Bringing in a consultant is probably your best bet. Database optimization needs to generally take into account YOUR data and usage patterns.

If you want to learn a bit yourself, pick up a copy of "High Performance MySQL." I've found that to be the most useful MySQL scaling book I own.

Figure out your slow queries. Run "SHOW PROCESSLIST" on the server and see what's typically running.

Look at the actual queries - if you're frequently running a query that looks through most rows of your biggest table, that's going to be a tough query to optimize. Instead, look to either caching or regular pre-computation of the results.

I've found that an unfortunate number of people aren't aware of "EXPLAIN" and its use to help figure out query issues. Learn and use it.

You're on a VPS. That may be fine, but it may have horrible I/O throughput. If you're writing a lot of data, or having queries that hitting some sort of mysql or OS cache, IO will be your bottleneck. Make sure it's fast enough. Look at average IO wait times. Test max. throughput.

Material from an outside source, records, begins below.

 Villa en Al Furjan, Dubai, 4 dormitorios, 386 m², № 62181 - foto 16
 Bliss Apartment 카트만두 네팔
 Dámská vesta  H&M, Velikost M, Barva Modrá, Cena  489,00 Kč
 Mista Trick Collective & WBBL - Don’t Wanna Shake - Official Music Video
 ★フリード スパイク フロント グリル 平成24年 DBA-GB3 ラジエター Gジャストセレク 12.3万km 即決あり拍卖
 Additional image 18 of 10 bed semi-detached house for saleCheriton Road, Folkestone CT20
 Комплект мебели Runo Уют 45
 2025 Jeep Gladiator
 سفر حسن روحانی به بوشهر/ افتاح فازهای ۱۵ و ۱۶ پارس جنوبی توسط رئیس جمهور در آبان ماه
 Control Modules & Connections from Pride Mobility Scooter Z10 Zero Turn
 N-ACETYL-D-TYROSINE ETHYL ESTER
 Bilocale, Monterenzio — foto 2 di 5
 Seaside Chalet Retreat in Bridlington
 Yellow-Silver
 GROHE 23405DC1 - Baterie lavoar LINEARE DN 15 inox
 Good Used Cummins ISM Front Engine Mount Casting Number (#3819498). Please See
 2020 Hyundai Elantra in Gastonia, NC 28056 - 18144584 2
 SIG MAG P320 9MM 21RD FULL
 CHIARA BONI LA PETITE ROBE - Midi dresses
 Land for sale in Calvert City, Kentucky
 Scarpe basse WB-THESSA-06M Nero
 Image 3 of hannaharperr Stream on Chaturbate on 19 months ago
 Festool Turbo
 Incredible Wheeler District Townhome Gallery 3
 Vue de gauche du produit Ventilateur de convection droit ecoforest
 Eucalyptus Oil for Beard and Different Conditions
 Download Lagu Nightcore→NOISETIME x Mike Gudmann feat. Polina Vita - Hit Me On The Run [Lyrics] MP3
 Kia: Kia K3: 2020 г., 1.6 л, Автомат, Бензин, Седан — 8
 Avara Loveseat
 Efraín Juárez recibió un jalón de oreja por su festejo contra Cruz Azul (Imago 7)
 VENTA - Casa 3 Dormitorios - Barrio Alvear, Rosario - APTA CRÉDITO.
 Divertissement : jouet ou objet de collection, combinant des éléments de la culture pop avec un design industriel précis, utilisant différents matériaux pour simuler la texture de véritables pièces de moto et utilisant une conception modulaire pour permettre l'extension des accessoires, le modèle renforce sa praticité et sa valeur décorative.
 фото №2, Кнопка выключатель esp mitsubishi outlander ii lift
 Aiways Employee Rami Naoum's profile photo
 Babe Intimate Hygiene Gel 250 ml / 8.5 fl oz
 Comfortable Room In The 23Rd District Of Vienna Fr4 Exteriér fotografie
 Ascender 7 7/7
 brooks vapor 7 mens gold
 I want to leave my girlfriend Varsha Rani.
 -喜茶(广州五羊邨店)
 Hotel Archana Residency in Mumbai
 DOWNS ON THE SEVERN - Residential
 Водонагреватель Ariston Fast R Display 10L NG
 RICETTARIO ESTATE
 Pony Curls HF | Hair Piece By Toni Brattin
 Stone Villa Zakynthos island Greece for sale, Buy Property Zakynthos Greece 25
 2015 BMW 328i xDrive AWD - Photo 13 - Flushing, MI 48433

MyISAM tables may be an issue. MyISAM tables use table level locking - only one session at a time will be able to update the table. This is quite possibly a problem if you're doing any updates or inserts to a table that is also frequently read from. Look to move to InnoDB soon. See: http://dev.mysql.com/doc/refman/5.1/en/internal-locking.html


>Database optimization needs to generally take into account YOUR data and usage patterns.

I'd say this is quite true.

>I've found that an unfortunate number of people aren't aware of "EXPLAIN" and its use to help figure out query issues. Learn and use it.

Yes, we discovered this some years ago.

Thanks for you input.


One of the less documented tuning parameters I found is the threa dcache size. Normally it is a very small value for the number of simultaneous connections you likely support. Increasing it can result in elimination of random pauses/slowdowns.

In general, it is impossible to "tune MySQL" though. You can allow it to use more system resources and in some cases you can get it to be less durable to gain write performance, but to get orders of magnitude increases you need to restructure your data. Try sharing or partitioning data. Increase or reduce the number of indecies. Denormalize data. Archive logs to flat files. Put the OS, /var/lib, and /var/log on separate physical drives. Run MySQL on bare metal since disk IO is often a bottleneck and virtualization can add overhead. Restructure the data. At one point a write heavy app I was optimizing was logging things to the database (that needed to be queries). Each log entry contained extra data we did not query. One speed up that worked was throwing the majority of the extra data into a single gzipped JSON blob. This made it easier for MySQL to fetch fewer pages. Less IO, faster operation.


I believe we did tune and tweak the heck out of my.cfg, but will investigate thread_dcache_size all the same.

I also believe we're archiving at least some logs (and such) to flat files already, but will re-visit this soon too.

Thanks for all your input.


I would not migrate to postgres without knowing the issue first. Here are some suggestions: Enable replication master/slaves+, assuming you have a read heavy architecture. Enable the "The Slow Query Log" [1], which will give you something like /var/log/mysql-slowquery.log, then you can look in here to find queries that take a long time. Find out what the bottleneck is, I'm willing to best you have limited I/O and that is the source of your issues, can you use memcached [2] to limit the database hit rate? You need to remove/limit direct access to the database when people get duplicate data out.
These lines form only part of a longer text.